The patent is called “Broadcast Content View Analysis Based on Ambient Audio Recording.” That’s a longwinded way of describing a technology that effectively turns every smartphone into a spying device.
We live in an age when our everyday actions and words are being recorded at an unprecedented level. Anybody who has ever had a conversation about their desire for a slice of pizza, and immediately seen a notification from their Dominos app pop up on their smartphone, knows what I’m talking about.
Although they swear up and down that they’re not, the big social media companies are all recording our behavior just about all the time. Mostly its so that they can target us with ads they think will be more likely to draw our attention.
But now, the Zuckster looks to be moving into other forms of surveillance. The new Facebook patent would allow for tech that puts an undetectable audio-blurb into TV commercials.
When a phone hears that audio-blurb, say because somebody is playing Candy Crush while their TV plays the nightly news, it would activate the phone’s mic and allow the phone to record all the “ambient noise” in the room.
The recording would then be analyzed and stored by Facebook so that the Zuckster and his team of spies can figure out what ads people are watching on their TVs, or listening to on their radios, as the case may be.
When viewed alongside thousands of other such recordings, this would give advertising groups an idea of their audience size, and would help them figure out how audience responded to their ads, ie, by sitting through the whole thing or switching the channel.
And that would let Facebook fine-tune its advertising to appeal more closely to the tastes of specific users.
But some people don’t like the idea of being listened in on just so Facebook can show them ads for things they were idly discussing with friends the day before. (Those people may want to consider moving to a different country.
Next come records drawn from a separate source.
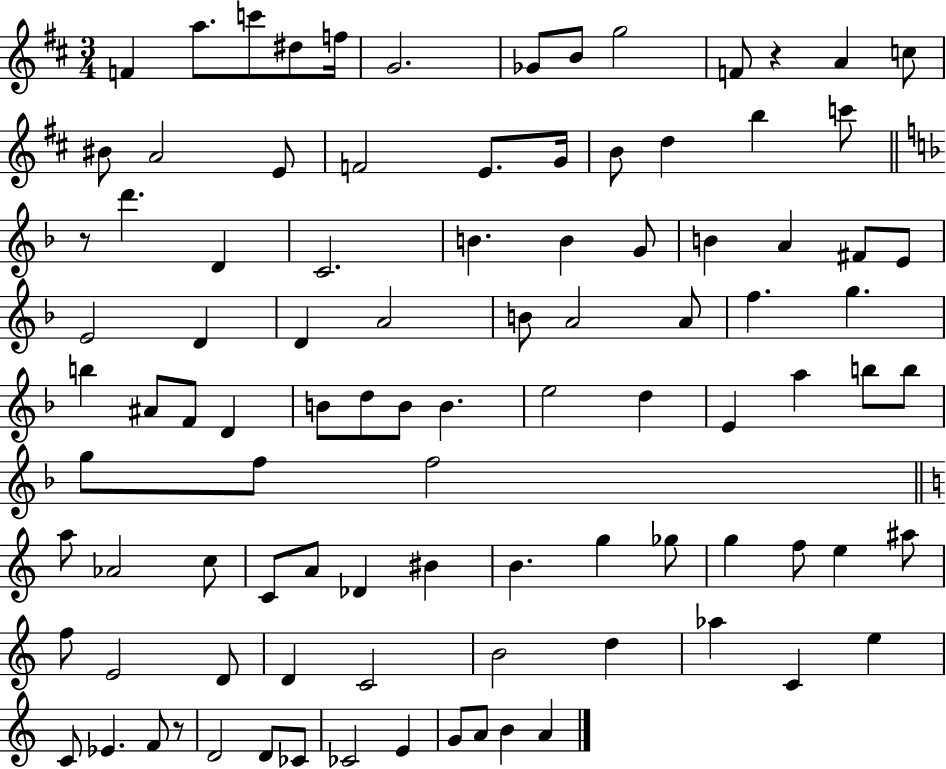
X:1
T:Untitled
M:3/4
L:1/4
K:D
F a/2 c'/2 ^d/2 f/4 G2 _G/2 B/2 g2 F/2 z A c/2 ^B/2 A2 E/2 F2 E/2 G/4 B/2 d b c'/2 z/2 d' D C2 B B G/2 B A ^F/2 E/2 E2 D D A2 B/2 A2 A/2 f g b ^A/2 F/2 D B/2 d/2 B/2 B e2 d E a b/2 b/2 g/2 f/2 f2 a/2 _A2 c/2 C/2 A/2 _D ^B B g _g/2 g f/2 e ^a/2 f/2 E2 D/2 D C2 B2 d _a C e C/2 _E F/2 z/2 D2 D/2 _C/2 _C2 E G/2 A/2 B A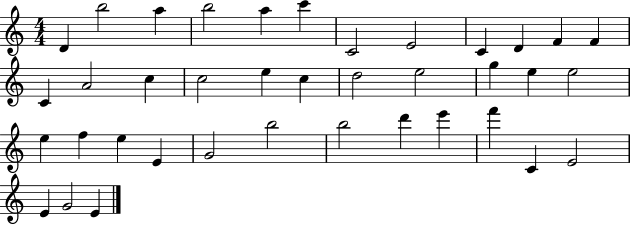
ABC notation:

X:1
T:Untitled
M:4/4
L:1/4
K:C
D b2 a b2 a c' C2 E2 C D F F C A2 c c2 e c d2 e2 g e e2 e f e E G2 b2 b2 d' e' f' C E2 E G2 E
Here in America, you’re under surveillance all day every day, baby.)
And Facebook is already in hot water for the sloppy way it’s handled users’ data in the past.
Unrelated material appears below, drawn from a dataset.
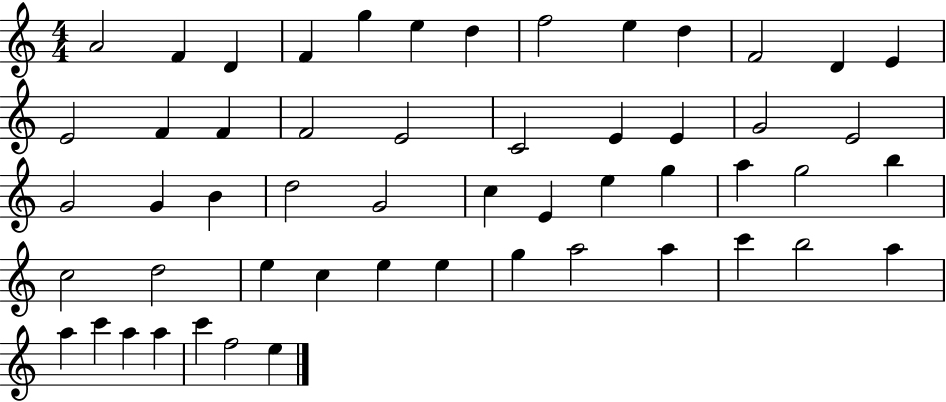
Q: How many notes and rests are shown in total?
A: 54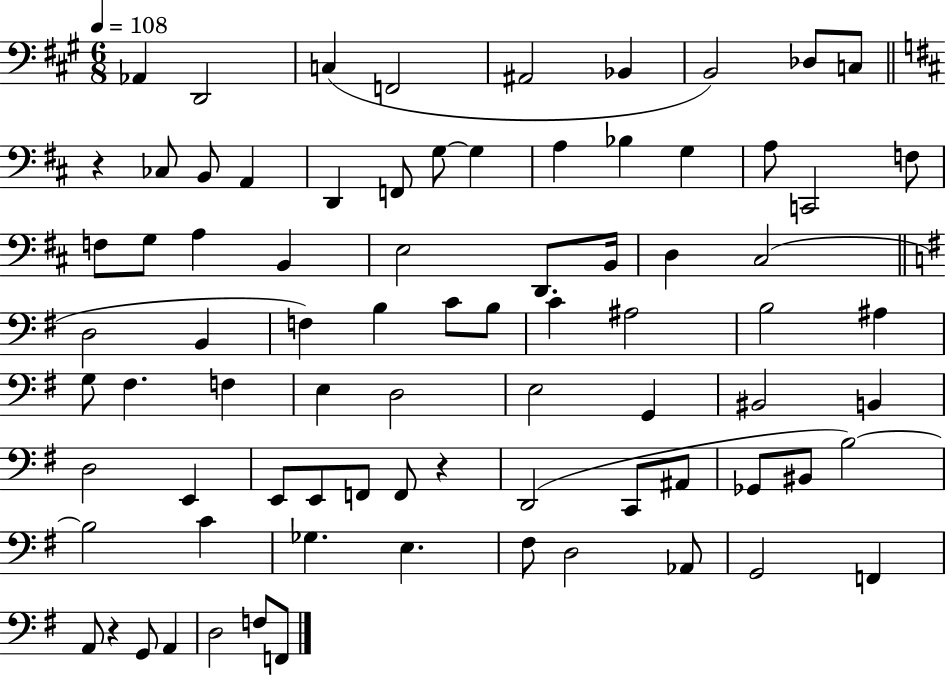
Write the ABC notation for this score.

Facebook’s leadership swears they’ll never use this tech, and it’s just a “speculative” patent filed to “prevent aggression from other companies”.
(That’s something that does happen, by the way. Lots of companies will file very broad patents just to sit on them and sue any company that actually does the work to develop a similar technology. It’s called being a “patent troll” and it’s a serious roadblock for many American tech companies.)
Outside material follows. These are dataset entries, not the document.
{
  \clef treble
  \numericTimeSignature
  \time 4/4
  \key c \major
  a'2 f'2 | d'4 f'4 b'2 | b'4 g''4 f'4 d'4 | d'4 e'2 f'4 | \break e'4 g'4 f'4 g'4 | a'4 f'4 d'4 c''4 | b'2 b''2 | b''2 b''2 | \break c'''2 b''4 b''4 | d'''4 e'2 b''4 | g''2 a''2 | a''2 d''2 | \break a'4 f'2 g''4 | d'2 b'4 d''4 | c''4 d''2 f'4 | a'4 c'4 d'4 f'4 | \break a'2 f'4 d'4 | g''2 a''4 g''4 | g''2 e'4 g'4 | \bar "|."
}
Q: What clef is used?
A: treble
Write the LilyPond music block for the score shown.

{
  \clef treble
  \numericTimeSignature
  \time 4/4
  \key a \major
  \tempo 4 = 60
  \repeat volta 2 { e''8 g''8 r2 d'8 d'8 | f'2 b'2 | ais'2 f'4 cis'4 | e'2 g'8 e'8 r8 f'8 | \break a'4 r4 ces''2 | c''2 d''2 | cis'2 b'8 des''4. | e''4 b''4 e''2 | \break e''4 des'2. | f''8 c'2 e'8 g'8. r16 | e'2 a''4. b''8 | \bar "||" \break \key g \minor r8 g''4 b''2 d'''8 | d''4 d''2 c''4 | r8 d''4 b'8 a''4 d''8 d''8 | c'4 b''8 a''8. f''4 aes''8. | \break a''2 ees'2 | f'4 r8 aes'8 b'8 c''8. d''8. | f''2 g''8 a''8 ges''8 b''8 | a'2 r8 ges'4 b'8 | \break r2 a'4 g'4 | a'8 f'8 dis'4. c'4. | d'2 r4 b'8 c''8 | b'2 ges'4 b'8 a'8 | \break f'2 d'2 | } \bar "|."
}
But the tools necessary to implement tech like this are definitely already in place.
And given the too-uncanny-to-be-coincidence incidents of people idly discussing something with friends one day and seeing Facebook ads for it the next, it’s already a fair bet to say Facebook is listening to you more than you’d like it to be.
If the Zuckster can listen in to your conversations, what’s to stop him from listening to your TV ads?